Model Complexity Considerations
Understanding Model Complexity in ConversionFlow
The ConversionFlow library implements Bayesian Network models of varying complexity to capture the intricacies of customer journeys. This document explores the considerations around model complexity, including how to balance complexity with interpretability and computational efficiency.
Dimensions of Model Complexity
Structural Complexity
The structural complexity of a ConversionFlow model is determined by:
Number of Nodes: Each touchpoint in the customer journey adds a node to the network. More nodes allow for more detailed journey mapping but increase computational demands.
Edge Density: The proportion of possible edges that are actually present in the DAG. Sparser networks are easier to interpret and compute, while denser networks capture more complex interdependencies.

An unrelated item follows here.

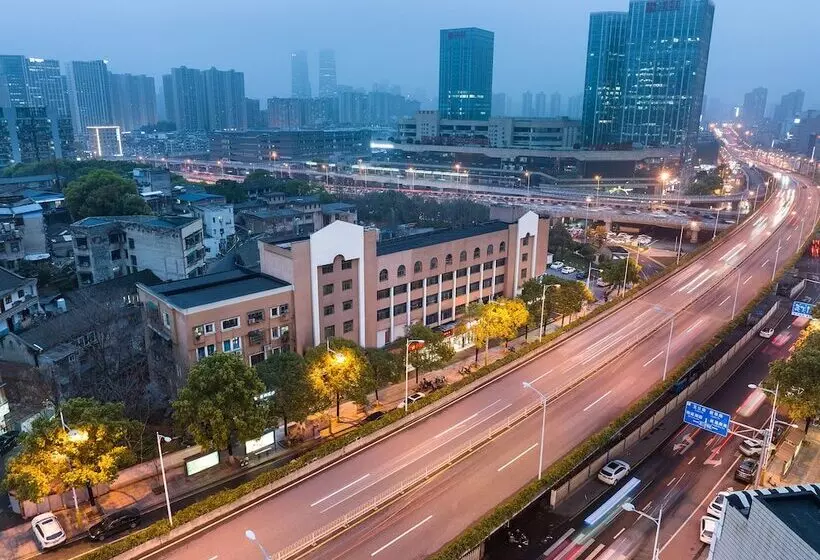 Kaiserdom Chain Hotel Changsha West Bus Station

Node Types: The current implementation uses primarily binary nodes (whether a touchpoint was engaged with), but future extensions might include:
Continuous nodes (e.g., time spent on a page)
Count nodes (e.g., number of visits)
Categorical nodes (e.g., device type)
Parametric Complexity
Beyond structure, models can vary in parametric complexity:
Prior Distributions: More flexible priors like the Half-Cauchy (currently used) allow for a wider range of parameter values compared to more restrictive priors like the Half-Gaussian.

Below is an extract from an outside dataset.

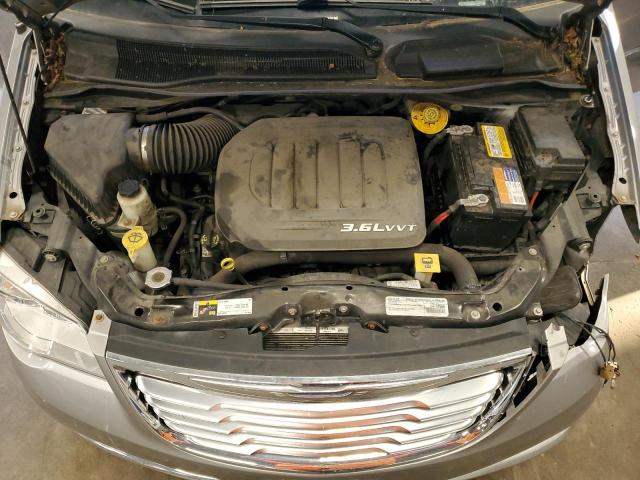 2016 CHRYSLER TOWN & COU 2C4RC1CG4GR189569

Parameter Sharing: Some models might share parameters across similar touchpoints to reduce complexity.
Non-linear Relationships: The logarithmic term for budget effects introduces non-linearity, but additional non-linearities could be introduced for more complex relationships.
Computational Complexity
The computational demands of model fitting and inference scale with:
Number of Parameters: More parameters require more MCMC samples for convergence.
Graph Connectivity: Highly connected graphs create complex parameter dependencies that slow MCMC sampling.

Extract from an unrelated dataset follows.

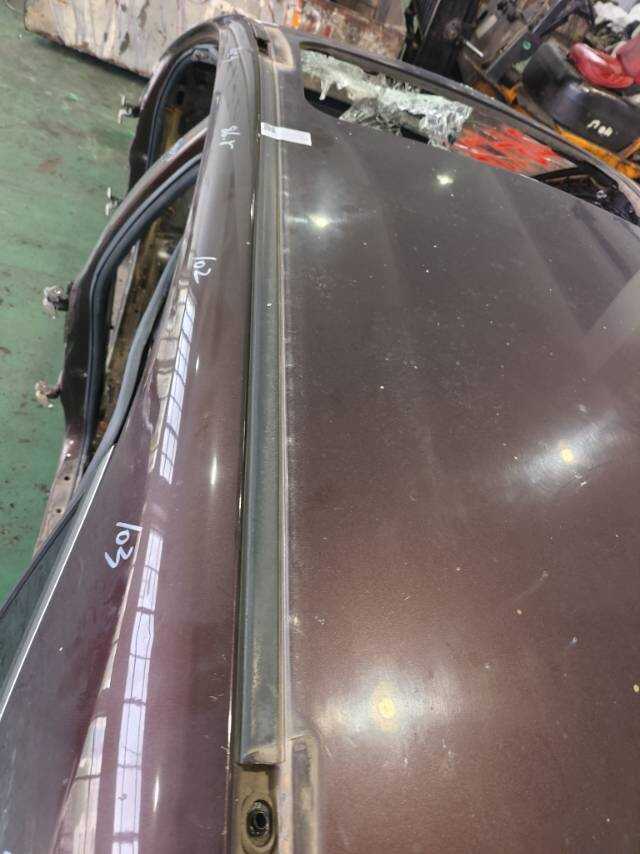 S65707112B 左顶盖饰条Ⅱ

Data Size: Larger datasets provide more information but increase computation time.
Model Selection Strategies
Cross-Validation
ConversionFlow implements cross-validation techniques to compare models of different complexity:
Leave-One-Out Cross-Validation (LOO-CV): Implemented via the
az.loo()function from ArviZ to estimate out-of-sample predictive accuracy.Widely Applicable Information Criterion (WAIC): An alternative to LOO-CV that approximates Bayesian cross-validation.
The model with the lowest LOO or WAIC value typically represents the best balance of fit and complexity.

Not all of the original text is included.